Activity:
From the data below, return only the lines from the one with "9601 Collins Ave, #505" through the one with "hollytwolf Onlyfans Photo Gallery", exact and inclusive, with pictures left out.

Input records:

[Start of Attachment]

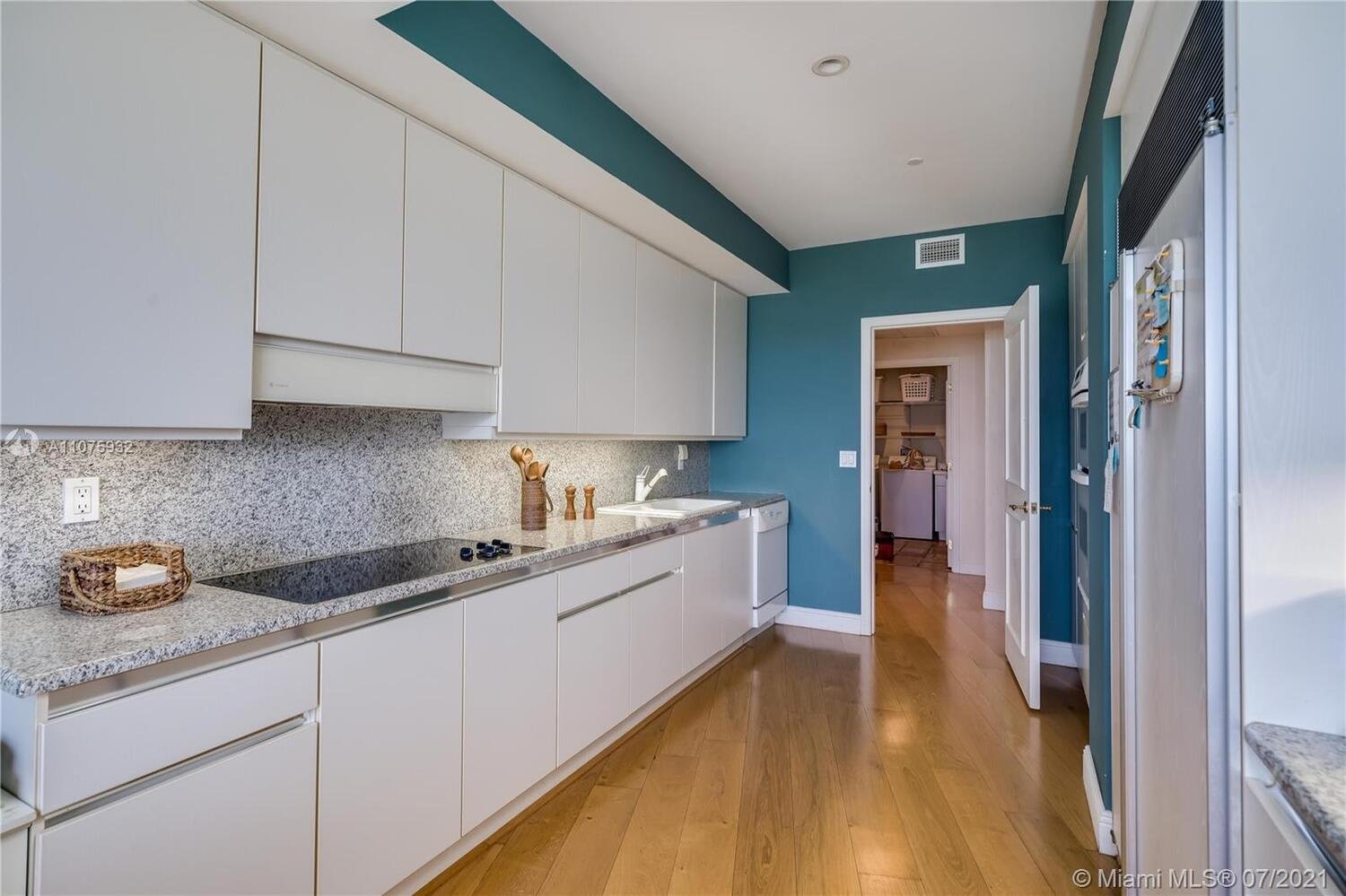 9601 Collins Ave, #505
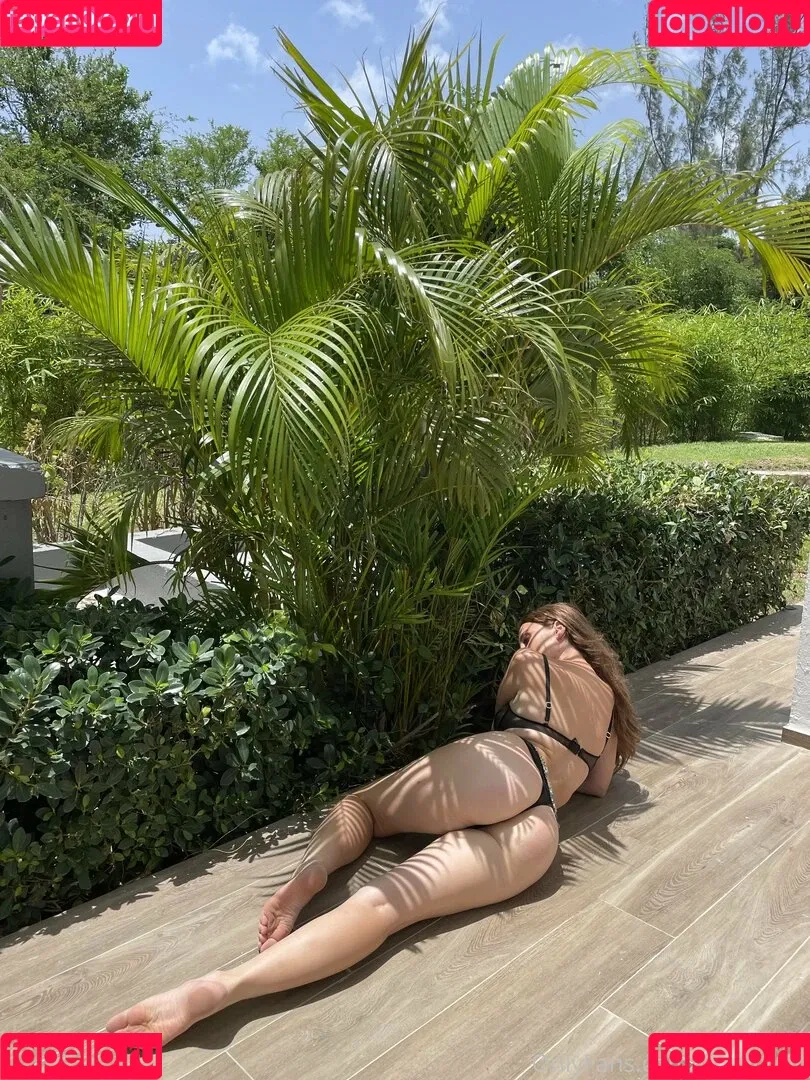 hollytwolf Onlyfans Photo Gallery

[End of Attachment]
[Start of Attachment]

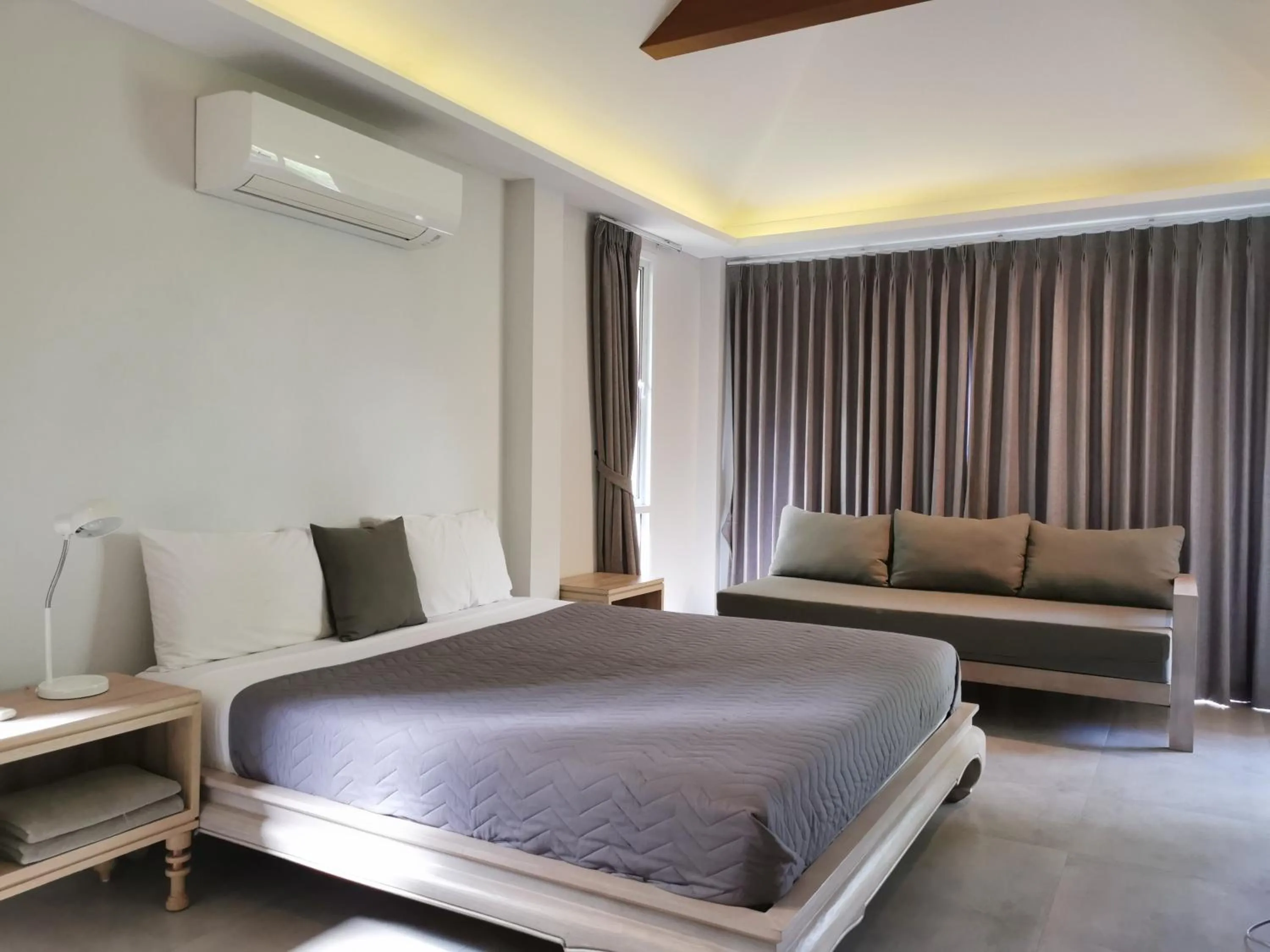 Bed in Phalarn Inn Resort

[End of Attachment]

Exercise response:
 9601 Collins Ave, #505
 hollytwolf Onlyfans Photo Gallery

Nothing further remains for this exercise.